Beneath this line sits some data. Return only its lines from the one holding "PLAQUE METAL GUINNESS" through the one holding "Collection of items", inclusive, exactly, with the images removed.

**** DATA TO EXAMINE

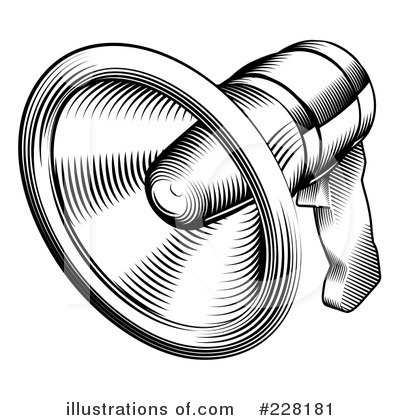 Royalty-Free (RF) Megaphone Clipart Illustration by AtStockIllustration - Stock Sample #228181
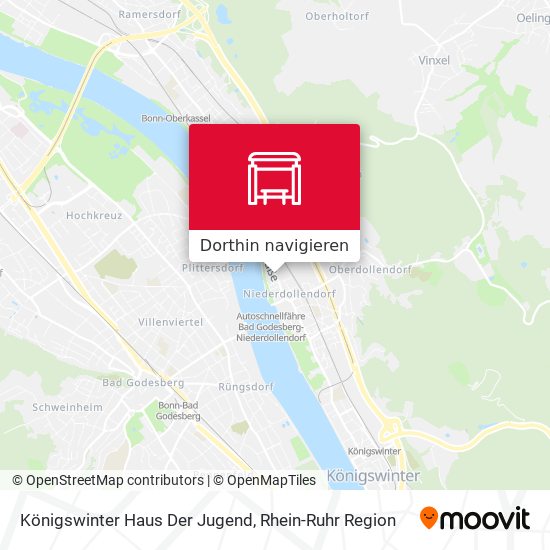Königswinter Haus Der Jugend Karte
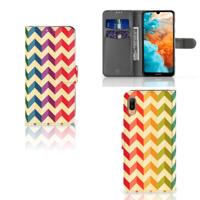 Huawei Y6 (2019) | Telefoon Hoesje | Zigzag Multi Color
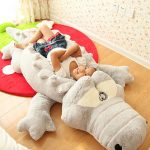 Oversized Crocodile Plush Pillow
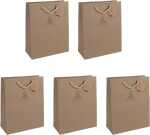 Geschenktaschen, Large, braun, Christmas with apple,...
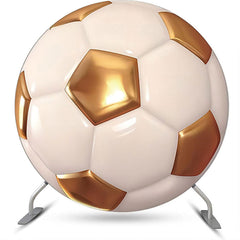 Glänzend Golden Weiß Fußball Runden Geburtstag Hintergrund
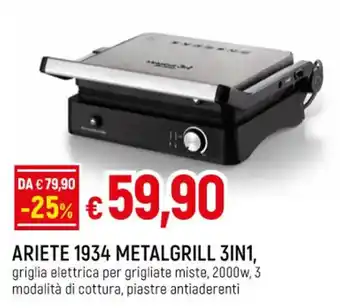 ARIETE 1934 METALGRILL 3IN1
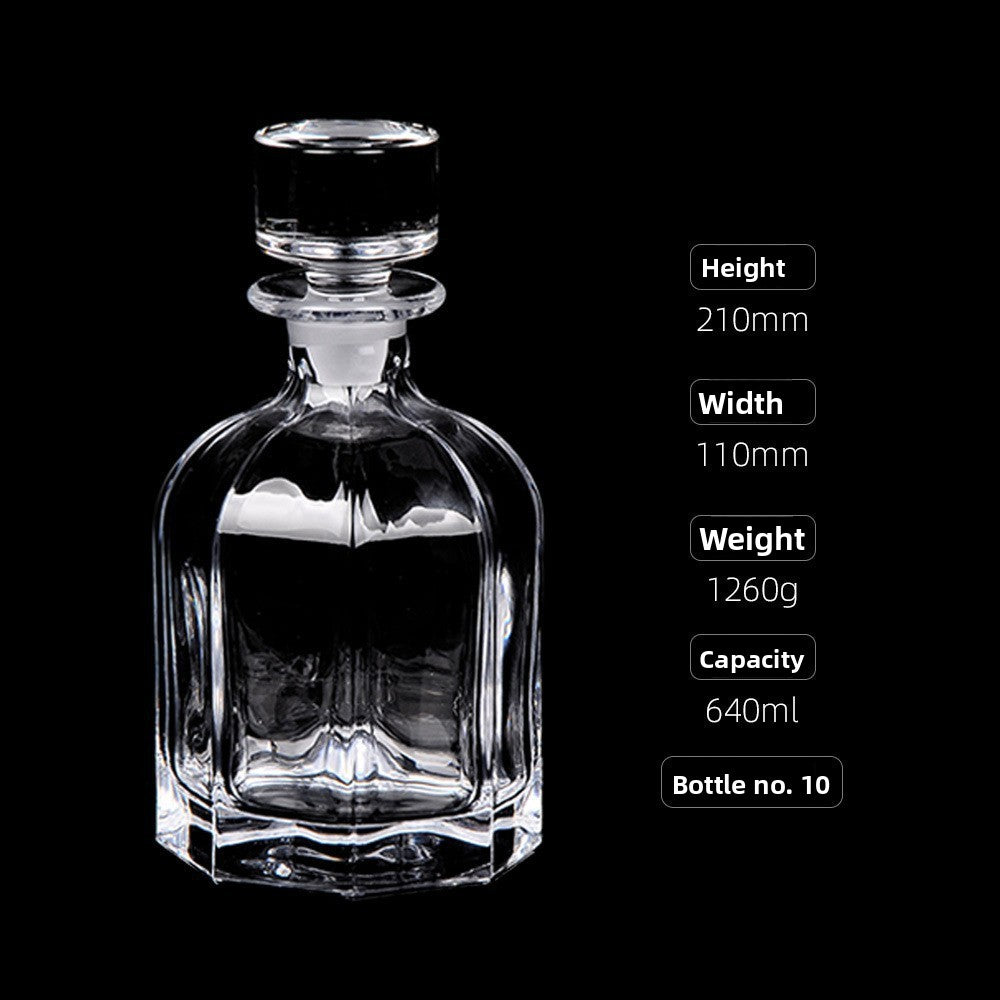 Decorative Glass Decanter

********
**** DATA TO EXAMINE

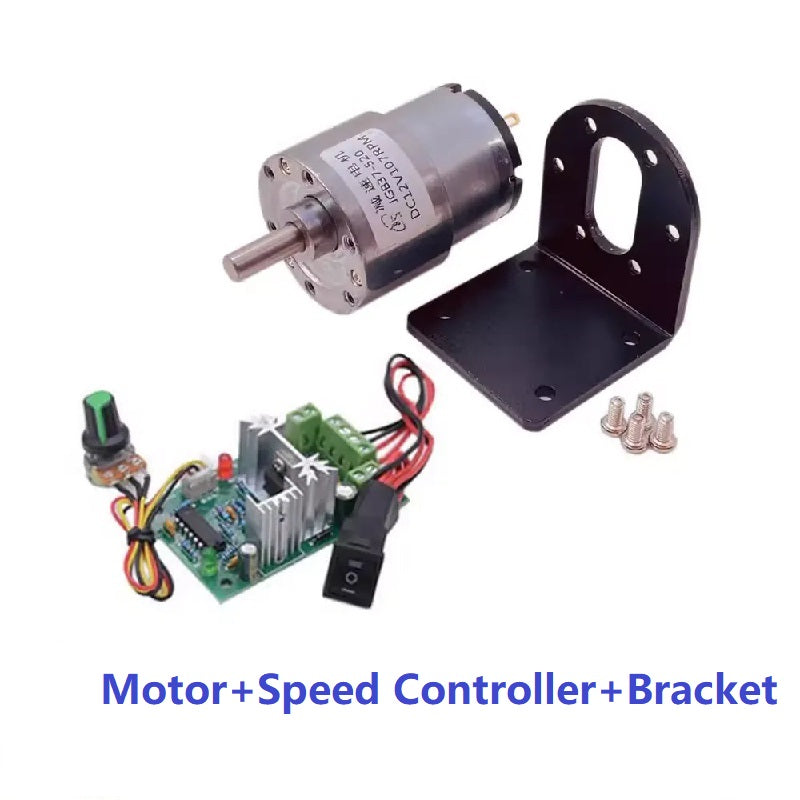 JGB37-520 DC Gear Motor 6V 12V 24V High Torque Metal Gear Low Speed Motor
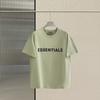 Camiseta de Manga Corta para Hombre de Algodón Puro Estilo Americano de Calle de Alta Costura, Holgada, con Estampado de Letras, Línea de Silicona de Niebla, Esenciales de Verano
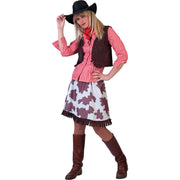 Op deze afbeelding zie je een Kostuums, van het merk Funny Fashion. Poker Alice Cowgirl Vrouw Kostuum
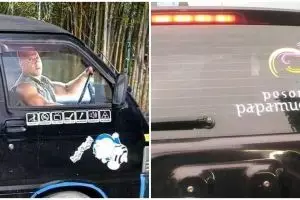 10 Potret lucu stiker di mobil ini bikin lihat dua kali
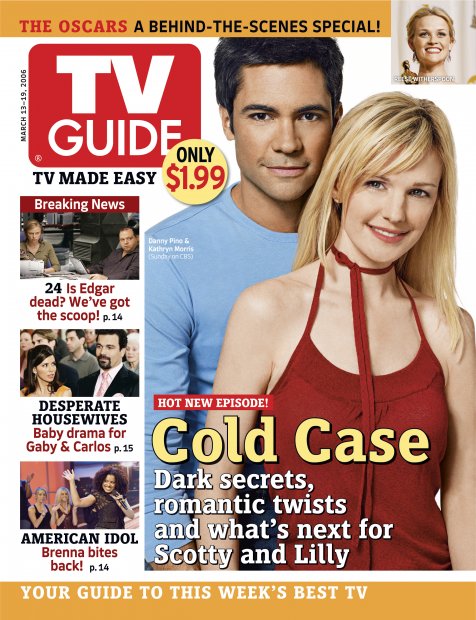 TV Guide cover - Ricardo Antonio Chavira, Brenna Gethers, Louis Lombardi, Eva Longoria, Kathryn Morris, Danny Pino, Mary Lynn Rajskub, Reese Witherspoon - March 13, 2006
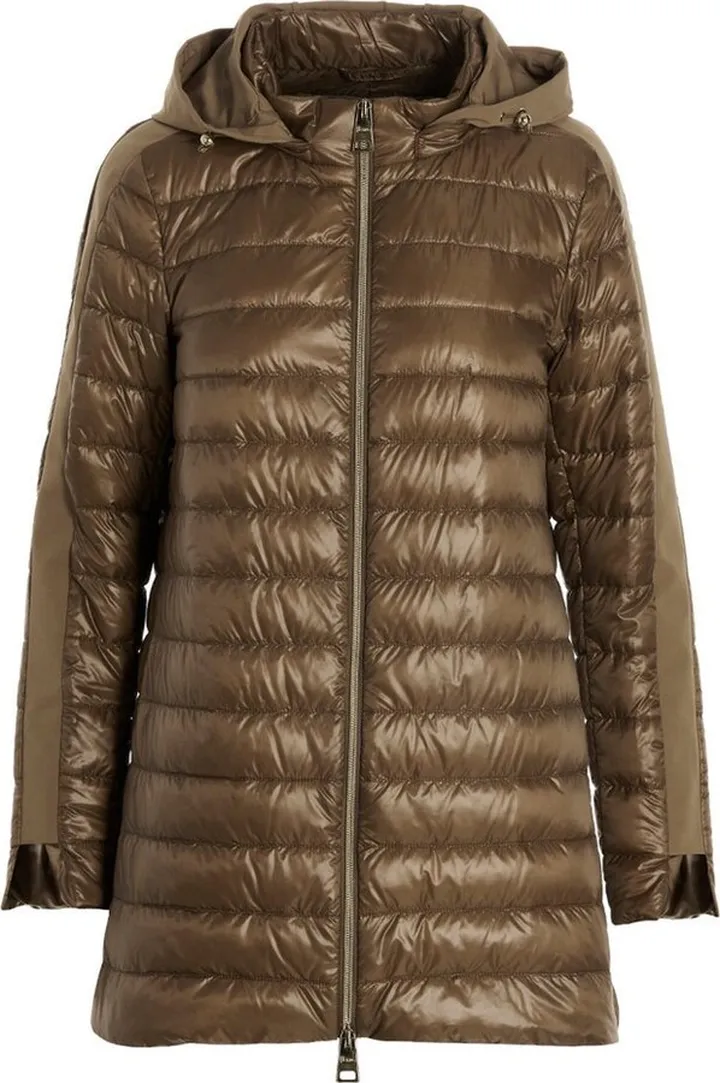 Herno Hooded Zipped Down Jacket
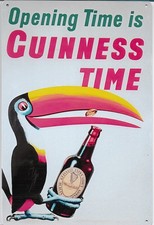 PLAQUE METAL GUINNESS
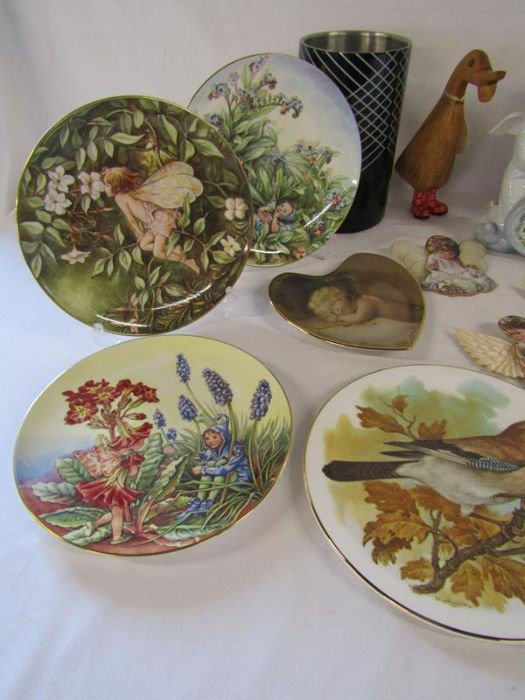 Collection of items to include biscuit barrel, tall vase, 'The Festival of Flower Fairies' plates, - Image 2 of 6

********

• _RESULT_:
 PLAQUE METAL GUINNESS
 Collection of items to include biscuit barrel, tall vase, 'The Festival of Flower Fairies' plates, - Image 2 of 6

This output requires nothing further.